I just did something virtually identical to this:
user=> (sh date)
Thu Dec 18 12:19:42 PST 2008
(That's a macro for the convenience of not having to either use string literals or quote the arguments. The real work is done in a function.)
> ...
>
> (let [pb (new ProcessBuilder ["sh" "-c" "yes hello | head -1000; echo
> command finished"])
> proc (.start pb)
> stdout (reader (.getInputStream proc))
> stderr (reader (.getErrorStream proc))
> stdout-agent (agent stdout)
> stderr-agent (agent stderr)]
> (send stdout-agent copy (writer *out*))
> (send stderr-agent copy (writer *err*))
> (await stdout-agent stderr-agent)
> (.waitFor proc)
> (shutdown-agents)
> (println "done"))
>
> Is this use of agents incorrect?
I would say it's an appropriate use, but you need to do it a little
differently: First of all, use (send-off ...) or you'll have to wait for
the agent to complete. Then use (await ...) on the agents.
> Why can the program terminate before all the output from the sub-
> process has been passed through?
As long as the sub-process produces no more output than the operating
system's pipe buffering limit, it can complete without blocking.
> Is there a better way to synchronize with sub-processes in Clojure,
> or is it necessary to synchronize completely at the Java level?
I don't understand this question.
Here's what my implementation looks like.
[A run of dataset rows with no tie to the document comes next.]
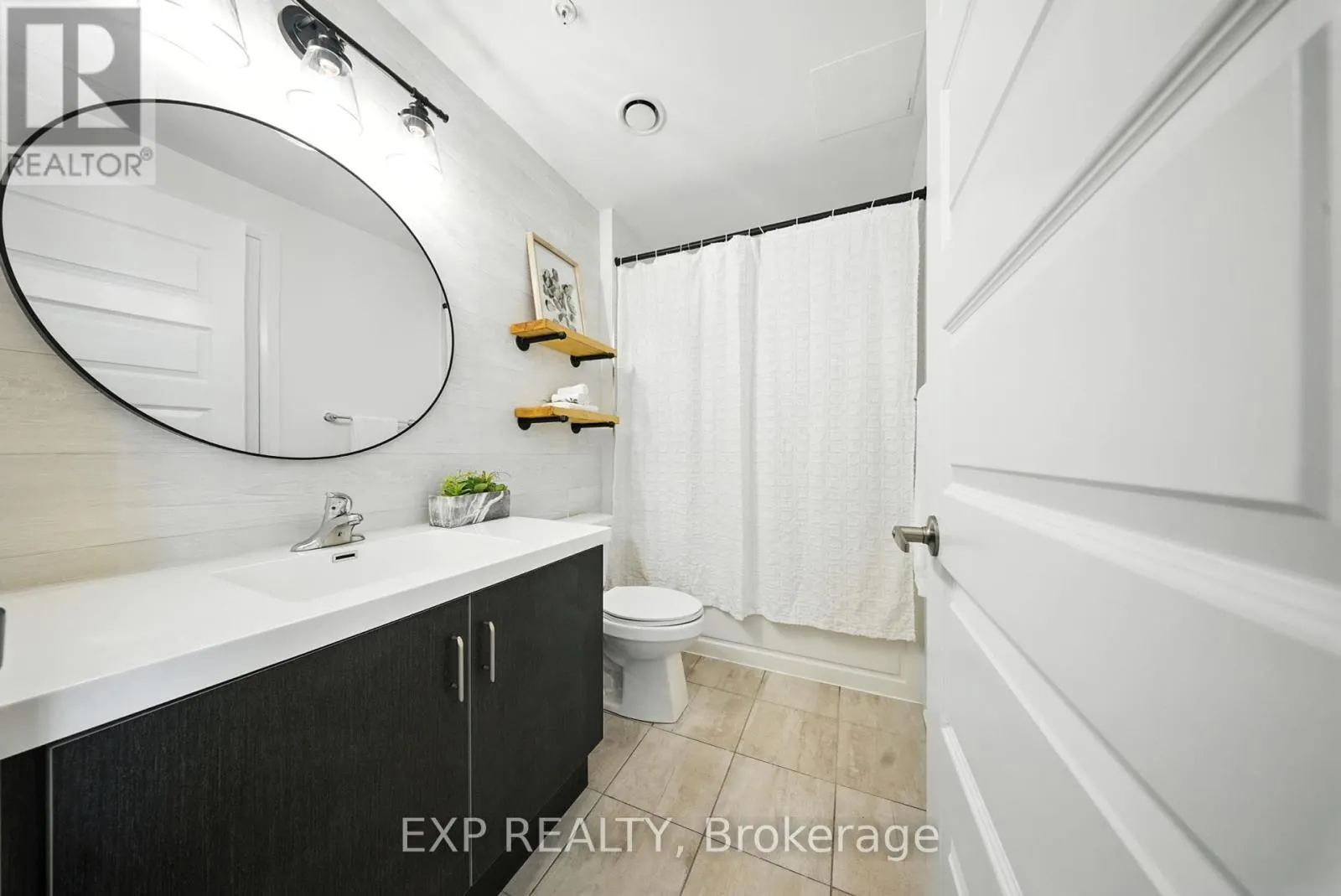 210 - 1105 LEGER WAY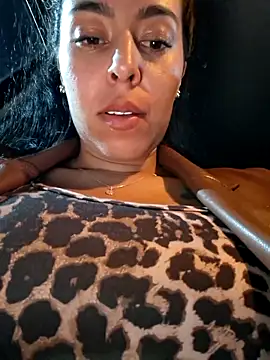 Luianna Live XXX-chat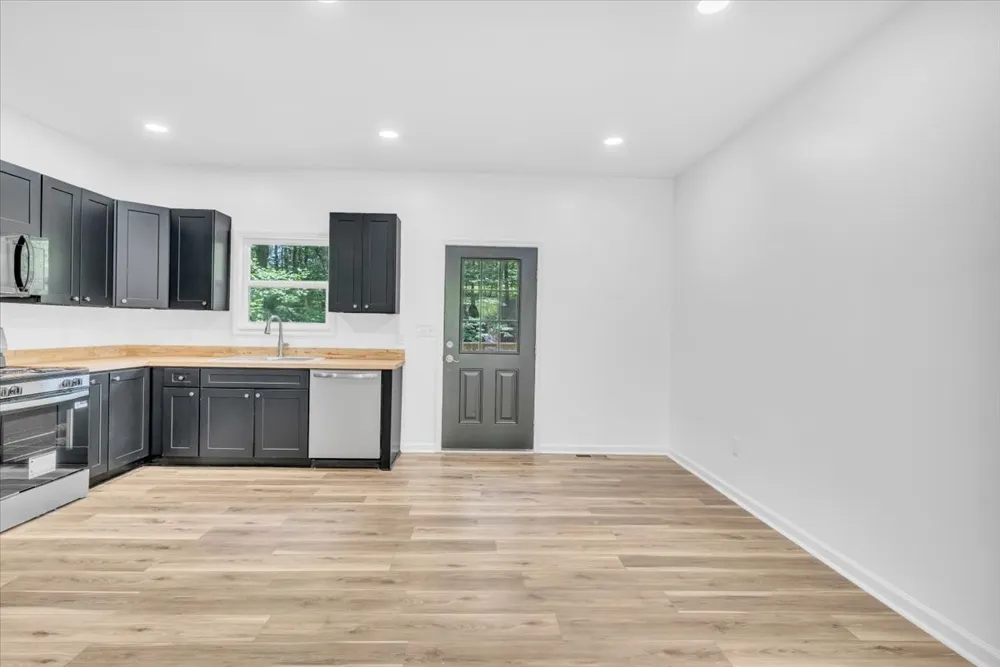 226 Woodland Way Estill Springs, TN 37330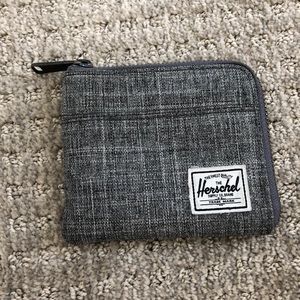 Herschel wallet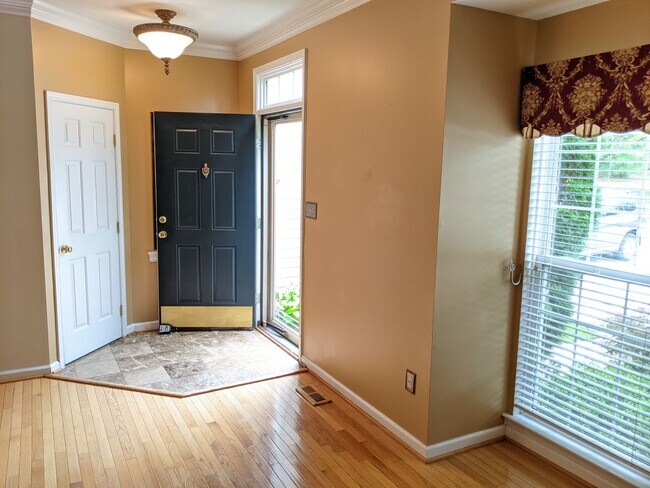 Photo - Townhouse in Spring Ridge community - OAKD...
It does not stand alone as
shown, but you can probably figure out what the missing pieces do:
(def *shell* "bash")
(def *shopt* "-c")
(defn- cat-proc-stream
"Copy all the bytes from stream to the writer"
[stream writer]
(binding [*out* writer]
(cat-stream stream)))
(defn shf
"Invoke a platform / external command"
[& args]
(let [out *out*
err *err*
cmd+args (flatten args)
builder (if (and (= (count cmd+args) 1) (string? (first cmd+args)))
(ProcessBuilder. (into-array (conj [] *shell* *shopt* (first cmd+args))))
(ProcessBuilder. (into-array (map str cmd+args))))
process (.start builder)
stdout-copier (agent nil)
stderr-copier (agent nil)]
(send-off stdout-copier #(cat-proc-stream %2 err) (.getErrorStream process))
(send-off stderr-copier #(cat-proc-stream %2 out) (.getInputStream process))
(await stdout-copier stderr-copier))
)
(defmacro sh
"Invoke a platform / external command without evaluating arguments"
[& args]
`(shf '~args))
> Thanks
> Stephan
Randall Schulz
I think I don't understand the difference between (send ...) and
(send-off ...), but that may be where the difference in behavior
between our otherwise very similar code arises.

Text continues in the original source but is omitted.